4. Disclaimer of Representations, Warranties and Guarantees. EDR
hereby acknowledges and agrees as follows:
(a) STC (for purposes of this Section 4 and Sections 5 and 6 hereof,
the term "STC" being deemed to include all stockholders, directors, officers, employees,
representatives, agents, and advisors of, and entities affiliated with, STC) has no authority
to, nor shall STC, bind EDR in contract or otherwise, or make any decisions or take any
actions whatsoever under this Agreement on behalf of EDR, and STC is not serving in
any fiduciary capacity whatsoever, to, for or on behalf of EDR.
(b) The use by EDR of any and all information and materials obtained
in connection with the Work is at the sole risk of EDR, and EDR assumes the full risk
and responsibility for any and all actions and decisions taken, or omitted to be taken, by
or on behalf of EDR in connection with the Work and any and all information and
materials obtained in connection with the Work.

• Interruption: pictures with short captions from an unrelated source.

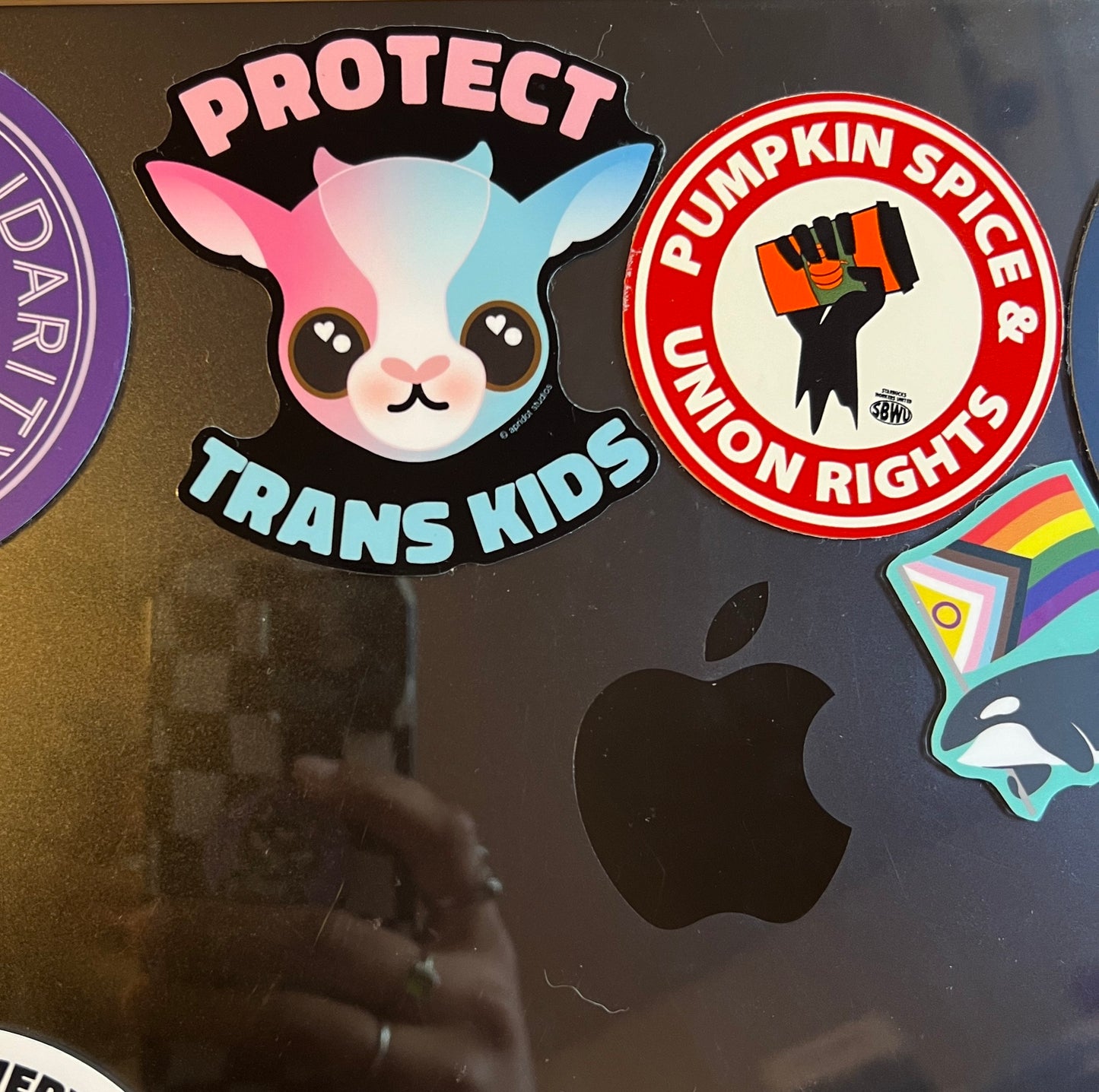 PROTECT TRANS KIDS Sticker *DONATES TO A4TE*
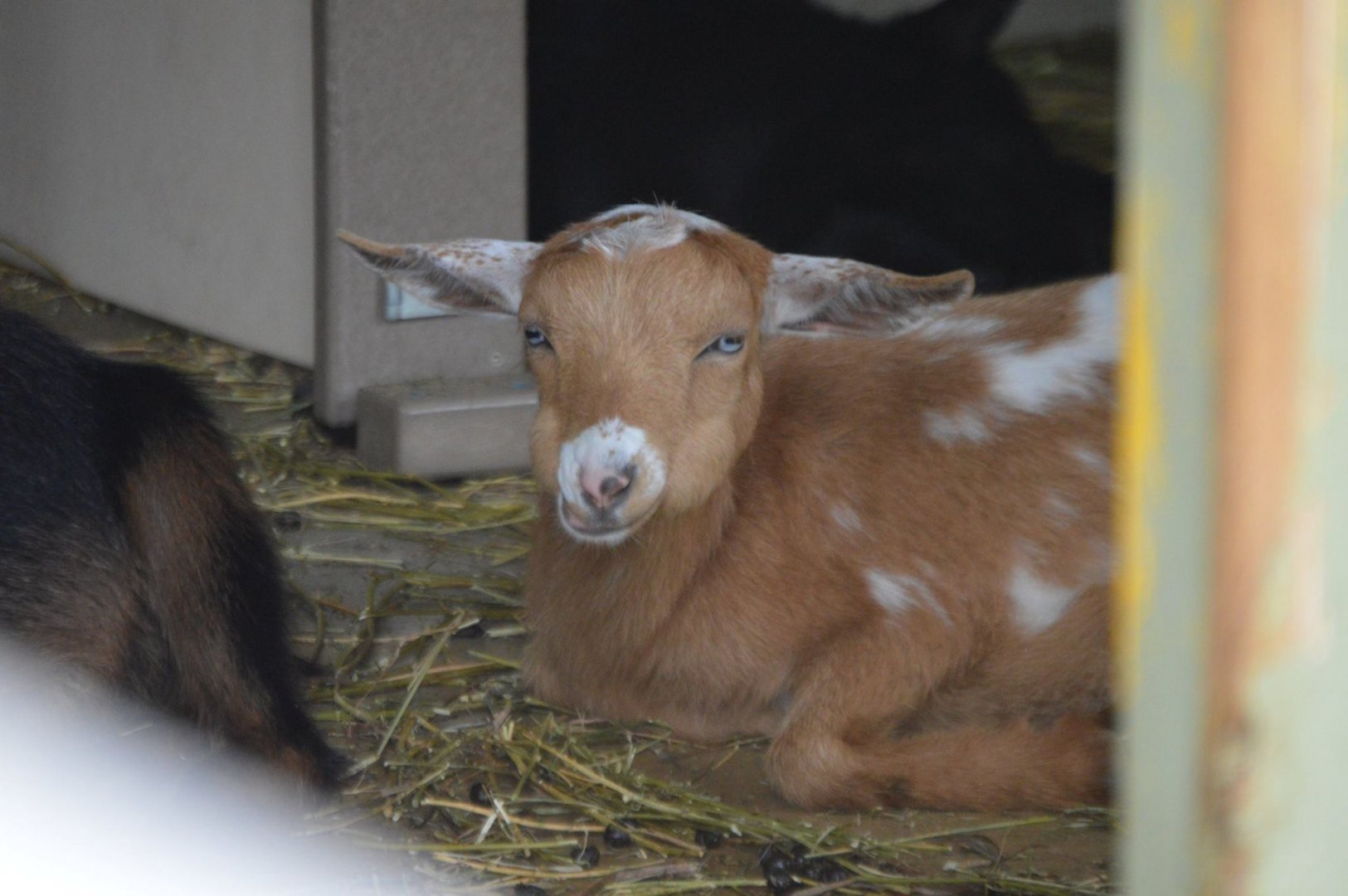 Capra aegagrus hircus kid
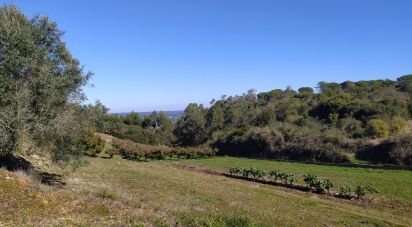 Terreno em Alcobaça e Vestiaria de 17 749 m²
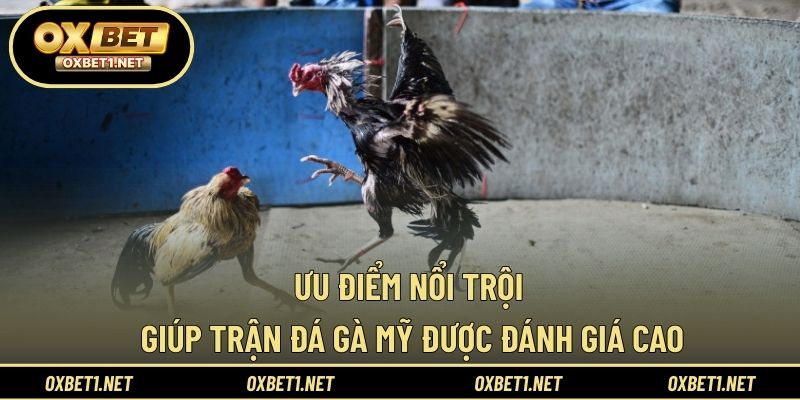 Ưu điểm nổi trội giúp trận đá gà Mỹ được đánh giá cao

(c) The Work is provided without warranty of any kind, and STC
hereby expressly disclaims all representations, warranties, and guarantees with respect to
the Work and any and all information and materials provided by STC, directly or
indirectly, in connection therewith, whether express or implied or statutory, including,
but not limited to, the implied warranties of merchantability, of satisfactory quality, of
fitness for a particular purpose and of accuracy.
(d) STC will not under any circumstances be liable to EDR for any
loss EDR may incur as a result of any decisions or actions taken, or omitted to be taken,
in connection with the Work and any and all information or materials obtained in
connection with the Work.
(e) In no event shall STC be liable for any injury, or any incidental,
special, indirect or consequential damages whatsoever, arising out of or related to the
Work or the use or failure to use any information or materials provided in connection
with the Work, however caused, regardless of the theory of liability (contract, tort or
otherwise), and even if STC has been advised of the possibility of such damages.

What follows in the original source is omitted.